[Records from a data collection]
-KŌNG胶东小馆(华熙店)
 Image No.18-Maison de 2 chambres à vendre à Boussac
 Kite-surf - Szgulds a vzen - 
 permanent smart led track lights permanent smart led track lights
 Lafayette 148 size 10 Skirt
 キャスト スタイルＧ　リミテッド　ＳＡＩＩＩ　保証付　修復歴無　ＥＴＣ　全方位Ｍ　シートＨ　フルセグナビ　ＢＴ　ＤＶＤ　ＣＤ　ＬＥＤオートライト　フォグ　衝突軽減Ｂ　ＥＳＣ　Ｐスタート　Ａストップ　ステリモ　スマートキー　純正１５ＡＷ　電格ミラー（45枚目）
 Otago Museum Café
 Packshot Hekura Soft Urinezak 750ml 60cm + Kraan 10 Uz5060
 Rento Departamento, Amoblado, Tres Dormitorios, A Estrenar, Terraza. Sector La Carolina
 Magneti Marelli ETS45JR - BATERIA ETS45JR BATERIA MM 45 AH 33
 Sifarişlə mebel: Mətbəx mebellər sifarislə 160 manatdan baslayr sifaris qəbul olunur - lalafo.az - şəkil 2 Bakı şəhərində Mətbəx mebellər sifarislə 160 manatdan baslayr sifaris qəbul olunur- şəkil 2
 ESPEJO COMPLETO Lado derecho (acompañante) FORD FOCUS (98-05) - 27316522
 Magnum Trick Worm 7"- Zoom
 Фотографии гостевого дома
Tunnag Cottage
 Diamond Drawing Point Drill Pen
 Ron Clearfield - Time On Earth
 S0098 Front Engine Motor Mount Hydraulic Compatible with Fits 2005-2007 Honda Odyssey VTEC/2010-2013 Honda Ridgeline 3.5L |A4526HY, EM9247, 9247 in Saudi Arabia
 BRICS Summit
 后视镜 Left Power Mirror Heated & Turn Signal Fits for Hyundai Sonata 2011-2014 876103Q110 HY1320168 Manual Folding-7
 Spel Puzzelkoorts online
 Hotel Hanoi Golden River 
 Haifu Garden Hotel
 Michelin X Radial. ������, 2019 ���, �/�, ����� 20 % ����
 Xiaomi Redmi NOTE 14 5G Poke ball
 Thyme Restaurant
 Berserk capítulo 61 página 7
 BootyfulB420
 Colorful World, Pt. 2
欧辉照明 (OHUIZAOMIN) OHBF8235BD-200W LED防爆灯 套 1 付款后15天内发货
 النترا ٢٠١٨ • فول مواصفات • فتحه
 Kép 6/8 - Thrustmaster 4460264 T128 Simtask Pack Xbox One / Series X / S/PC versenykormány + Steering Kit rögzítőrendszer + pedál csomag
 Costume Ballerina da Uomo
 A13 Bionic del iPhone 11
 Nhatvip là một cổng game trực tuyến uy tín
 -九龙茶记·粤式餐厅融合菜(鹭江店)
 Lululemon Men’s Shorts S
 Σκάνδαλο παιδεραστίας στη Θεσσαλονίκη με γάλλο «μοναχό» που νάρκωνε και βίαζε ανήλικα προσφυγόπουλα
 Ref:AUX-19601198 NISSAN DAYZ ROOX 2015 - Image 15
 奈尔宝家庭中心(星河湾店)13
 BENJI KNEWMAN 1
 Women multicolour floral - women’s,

> [Required action]:
From the records above, print only the lines between the one holding "permanent smart led track lights permanent" and the one holding "النترا ٢٠١٨ • فول مواصفات • فتحه", inclusive, exactly as they stand.

> [Exercise response]:
 permanent smart led track lights permanent smart led track lights
 Lafayette 148 size 10 Skirt
 キャスト スタイルＧ　リミテッド　ＳＡＩＩＩ　保証付　修復歴無　ＥＴＣ　全方位Ｍ　シートＨ　フルセグナビ　ＢＴ　ＤＶＤ　ＣＤ　ＬＥＤオートライト　フォグ　衝突軽減Ｂ　ＥＳＣ　Ｐスタート　Ａストップ　ステリモ　スマートキー　純正１５ＡＷ　電格ミラー（45枚目）
 Otago Museum Café
 Packshot Hekura Soft Urinezak 750ml 60cm + Kraan 10 Uz5060
 Rento Departamento, Amoblado, Tres Dormitorios, A Estrenar, Terraza. Sector La Carolina
 Magneti Marelli ETS45JR - BATERIA ETS45JR BATERIA MM 45 AH 33
 Sifarişlə mebel: Mətbəx mebellər sifarislə 160 manatdan baslayr sifaris qəbul olunur - lalafo.az - şəkil 2 Bakı şəhərində Mətbəx mebellər sifarislə 160 manatdan baslayr sifaris qəbul olunur- şəkil 2
 ESPEJO COMPLETO Lado derecho (acompañante) FORD FOCUS (98-05) - 27316522
 Magnum Trick Worm 7"- Zoom
 Фотографии гостевого дома
Tunnag Cottage
 Diamond Drawing Point Drill Pen
 Ron Clearfield - Time On Earth
 S0098 Front Engine Motor Mount Hydraulic Compatible with Fits 2005-2007 Honda Odyssey VTEC/2010-2013 Honda Ridgeline 3.5L |A4526HY, EM9247, 9247 in Saudi Arabia
 BRICS Summit
 后视镜 Left Power Mirror Heated & Turn Signal Fits for Hyundai Sonata 2011-2014 876103Q110 HY1320168 Manual Folding-7
 Spel Puzzelkoorts online
 Hotel Hanoi Golden River 
 Haifu Garden Hotel
 Michelin X Radial. ������, 2019 ���, �/�, ����� 20 % ����
 Xiaomi Redmi NOTE 14 5G Poke ball
 Thyme Restaurant
 Berserk capítulo 61 página 7
 BootyfulB420
 Colorful World, Pt. 2
欧辉照明 (OHUIZAOMIN) OHBF8235BD-200W LED防爆灯 套 1 付款后15天内发货
 النترا ٢٠١٨ • فول مواصفات • فتحه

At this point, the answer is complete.